The Smith Commission Report was released this morning, outlining the powers that will be devolved from Westminster to the Scottish parliament in Holyrood. One detail stood out above all others.
Scotland will have more tax-raising powers, more control over welfare spending and the structure of its welfare system and the Scottish Parliament will gain more control over the organisation of elections, which opens the possibility of 16 and 17-year-olds getting the vote. But none of these is the most significant detail.
On p26, paragraph 95 (5) of the report is the sub-heading “Borrowing Powers”. The report states that: “Scotland’s fiscal framework should provide sufficient, additional borrowing powers to ensure budgetary stability and provide safeguards to smooth Scottish public spending in the event of economic shocks.
“The Scottish Government should also have sufficient borrowing powers to support capital investment, consistent with a sustainable overall UK fiscal framework.”
This new borrowing power is fiscally and politically the most significant change that is being suggested today. The details are scant, and a reassurance is given that: “Borrowing powers should be set within an overall Scottish fiscal framework and subject to fiscal rules agreed by the Scottish and UK Governments based on clear economic principles.”

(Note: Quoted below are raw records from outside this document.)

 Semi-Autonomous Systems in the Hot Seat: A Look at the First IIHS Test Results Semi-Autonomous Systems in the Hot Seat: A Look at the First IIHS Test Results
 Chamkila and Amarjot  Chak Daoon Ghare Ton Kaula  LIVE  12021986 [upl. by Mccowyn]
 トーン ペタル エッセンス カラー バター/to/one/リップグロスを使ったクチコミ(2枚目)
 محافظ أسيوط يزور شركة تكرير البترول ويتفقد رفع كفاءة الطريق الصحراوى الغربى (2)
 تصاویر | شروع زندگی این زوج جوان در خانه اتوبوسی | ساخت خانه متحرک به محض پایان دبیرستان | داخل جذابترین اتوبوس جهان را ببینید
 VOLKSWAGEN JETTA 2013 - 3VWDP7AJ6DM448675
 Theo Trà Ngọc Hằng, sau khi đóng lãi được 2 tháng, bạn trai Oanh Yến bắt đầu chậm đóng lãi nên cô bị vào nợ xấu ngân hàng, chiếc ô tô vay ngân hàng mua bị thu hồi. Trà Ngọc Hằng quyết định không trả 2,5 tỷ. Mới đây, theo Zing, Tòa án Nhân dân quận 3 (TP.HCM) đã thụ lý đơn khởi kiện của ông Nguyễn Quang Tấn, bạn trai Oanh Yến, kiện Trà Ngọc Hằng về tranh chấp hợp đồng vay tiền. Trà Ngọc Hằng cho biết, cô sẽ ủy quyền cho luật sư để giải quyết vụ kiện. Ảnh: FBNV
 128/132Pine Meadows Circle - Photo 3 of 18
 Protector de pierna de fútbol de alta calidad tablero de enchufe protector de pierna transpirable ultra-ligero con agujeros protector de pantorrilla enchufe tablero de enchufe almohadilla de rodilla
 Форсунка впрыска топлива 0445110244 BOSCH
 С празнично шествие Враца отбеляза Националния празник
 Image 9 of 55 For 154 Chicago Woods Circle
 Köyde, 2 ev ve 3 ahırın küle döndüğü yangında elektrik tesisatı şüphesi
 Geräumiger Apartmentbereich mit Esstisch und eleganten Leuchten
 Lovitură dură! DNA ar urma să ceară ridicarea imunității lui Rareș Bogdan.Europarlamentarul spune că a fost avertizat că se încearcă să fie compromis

The consequences of this change are potentially enormous. Consider the position of an individual or organisation that, for whatever reason, wants to buy UK government debt and is presented with the option of buying sovereign bonds from either the London government or the Scottish. International investors and institutions will inevitably prefer the more familiar UK debt, meaning that to attract lenders, the Scottish government will have to offer a higher rate of interest to lenders. If these changes are put through and Scotland is given borrowing powers, then its borrowing costs will be higher than those of the London government.
To make sure that the spread between Westminster and Holyrood debt did not widen too far, the Bank of England would have to stand behind the Scottish Parliament’s debt. That assurance could not be given without at least a Westminster parliamentary vote and it is not certain that MPs would vote for monetary union with Scotland while ceding control over borrowing. That arrangement—monetary union without political union—was a central characteristic of the Eurozone catastrophe. Devolving borrowing power to Scotland has the potential to become the most dangerous subject in UK politics.